As I write this, I am sitting in a Starbucks that is quite busy. Already people have come in, only to find that there were no or not large enough spaces for them to work, and so they turned around and left. One gentleman has a newspaper sprawled in front of him, hanging off the edges as he is moving the section that he is reading onto the flat table. A young woman pitched herself at the bar area in the corner to work on her laptop. Another woman, sitting closest to me, has a book, iPhone, laptop, and purse on the largest real estate within this establishment. Myself, I am at a small circular table, with my iPad now resting on it next to my N8.
Just to note, there are others here in positions without tables. At least in this moment, they are all using laptops for computing, one person reading a book, and two in the midst of a conversation without mobiles in hand.
The common thing here is the table top. Not necessarily the interaction, but definitely the input behaviors, are happening on the table top – flat, downward. Fingers and arms are outstretched for all, with the position of waiting to type for some, and a consistent tapping away for others.
In the situation proposed by the design, a glass-like surface looks normal until the computer is placed on top of it. A screen shows on the table asking if the person wants to use it as a screen. Likely, there would be some kind of authentication and terms of service notice on the screen after that. Then the computer boots and the table as a display comes to life.

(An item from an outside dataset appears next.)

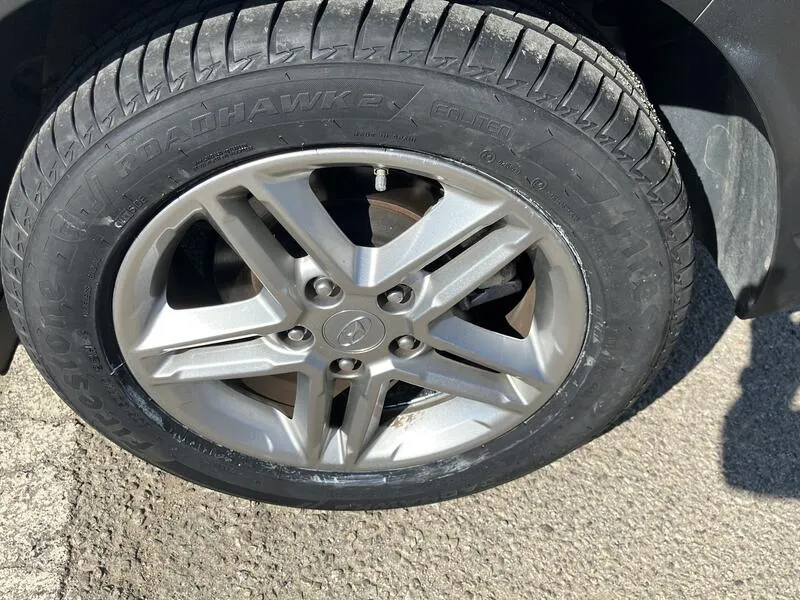 Hyundai Kona 1.0 T-GDi Maxx - foto 26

Ideally, or at least proposed in this design study, there would be no paper getting in the way of manipulating items on the screen. I’m not sure that would pass where I am right now.

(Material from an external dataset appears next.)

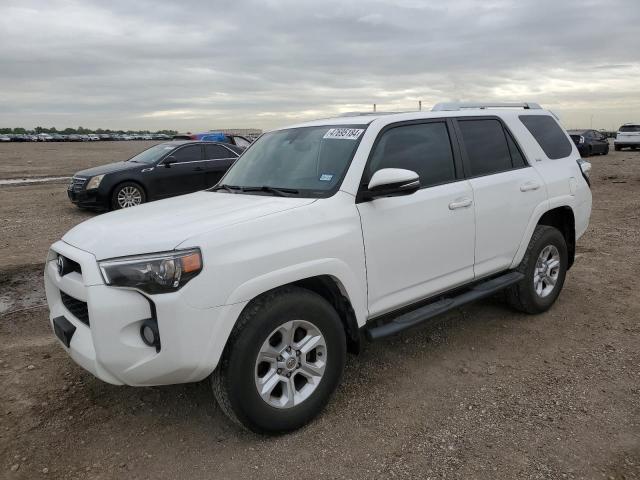 TOYOTA 4RUNNER 2015 jtezu5jr6f5109513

If this happens, what becomes of the computing metaphor of the tablet for this specific use case? There are a few iPad here, including my own. They have this combined input and reading function. The rest of the table is not being used. So you have this extra space, mostly taken up by a cup of coffee, or maybe a mobile such as in my case.
With some of us here with mobiles, they serve as a second, or even immediate communications, screen. For example, my mobile is beside my iPad with the Symbian Twitter app Different Tack opened to my timeline. Because of the UI of this application, I am able to see at a glance, but also use my finger to navigate the space of the screen to view more updates there. This behavior and positioning has become something that I’ve begun to favor a good deal in these environments. The mobile gets attention, but is a window that I can choose to interact with with little moving of my eyes from the iPad.
The gentleman with the newspaper actually shows the best case approach. A reading (and interface if he is doing Sudoku) device that expands to the entire surface area of the available table, and then by grabbing and pushing, he draws the right panes into his primary view. Problem is, we don’t have devices that transform like this. And the Yanko Design concept seems to want to address this upon a glass surface. In this coffeeshop, I don’t think that’s a good idea. Even on the table I am sitting at, there are marks from cups that sweated and stains from smaller spills. For this to work, we would all have to adapt the practice of pitching in to clean up (I am sure some folks wouldn’t mind, would add to the atmosphere I think).
But it does beg the question. If devices could project into a surface like this, would tablets be as needed? Possibly. I can already hear the qualms about privacy, and if it would be possible that someone could hack your table, similar to the way ATM machines are hacked. There is that funof tapping on a screen, which I will admit that is never fun on the iPad for long pieces like this. I would rather be using Swype, or at least have some kind of “link to my Bluetooth headset for voice transcription” kind of method.
It would provide a means for places to differentiate. Were this might be a bit much for a Starbucks in some neighborhoods, having these kinds of tables could invite a specific kind of customers and create opportunity for collaboration as it would become a shared workspace. I could see this for bedroom computing. In that case, your nightstand would have one side panel showing your clock and alarm, and maybe the top of it showing your calendar or notices if it senses you have also put glasses, a wallet, or something else on the surface.
But back to the analogy of using this at a coffeeshop, since that is where I am. I have only been typing this post, and already I want to pull the device back and get into a more relaxed condition. So, at least in my case, the table top works for a while, but then when the connection is done, or I am weary, I pull the mobile away and towards my face for more intimate viewing. That works. And the table doesn’t retain any record of the transactions happening on my mobile.
Gets me thinking. Much like a scene from the TAT Future of Screens video – I am wondering what isn’t possible if the mobile is the key to enabling these experiences.